The assumption is we do not bend our truths or embellish our realities. Yes, sometimes we talk about how challenging we find our jobs or how proud we are of our children. But that’s people being happy about their lives and sharing it with those whom they consider their friends—yes, I ditched the quotation marks.
Sometimes, however, part of human nature is to raise other people’s esteem of us. Who does not want to be perceived in a good light? Sometimes perception is as important as reality.
But then some people go too far.
What do we do with those whom we know to exaggerate the facts of their lives so that their lives appear more prosperous, more successful, more stable, more charmed?
The natural impulse is to unfollow or unfriend them—and then once in a while shake our heads at how desperate they are. That’s also human nature—staying away from the things that bring us stress or irritation.
What would be a cause for worry is when these people are family members we’ve known a long time, and their persistent desire to exaggerate or embellish their actual situation has been a pattern over the years. How do we help make them realize that they do not need to resort to these because we love them anyway?
Nobody’s life is perfect. There is a lot of happiness and love, but there is also sadness and anxiety and inconsistency and conflict and wrongdoing.
Real friends do not care that you are not perfect; they care about whether you are real. And they will love you anyway.
I have to do a mea culpa here. I have been disappointing some readers and myself as well for my failure to write a column for several weeks already.
I could go on and on. I could say the past few weeks have been crazy, exhausting physically and psychologically. I could say I’ve had a lot on my mind. I could say I have had to attend to many things on all fronts.
I could say I have not been inspired in a while.
But many other people have been busy and have not been inspired as well, and they have somehow managed to deliver.

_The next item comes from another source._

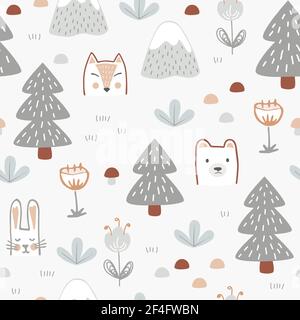 Motif sans couture avec de jolis animaux de la forêt, des fleurs et des arbres. Imprimé puéril pour bébé dans un style scandinave Illustration de Vecteur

The truth is there is no muse in what we do. Writers’ block is a luxury, one that people in this track I have chosen cannot afford. There will not be a lack of topics, people to talk to, opportunities to explore, points of view to assume.
One just has to step away from it all and drown out all the noise—and then many things will become clear.
I close with these lines from Rainer Maria Rilke to remind myself of and celebrate my one true love:
“There is only one thing you should do. Go into yourself. Find out the reason that commands you to write; see whether it has spread its roots into the very depths of your heart; confess to yourself whether you would have to die if you were forbidden to write. This most of all: ask yourself in the most silent hour of your night: must I write?”
Eight years ago, I started a blog called “A Resounding Yes.” I will get back to it soon, as well.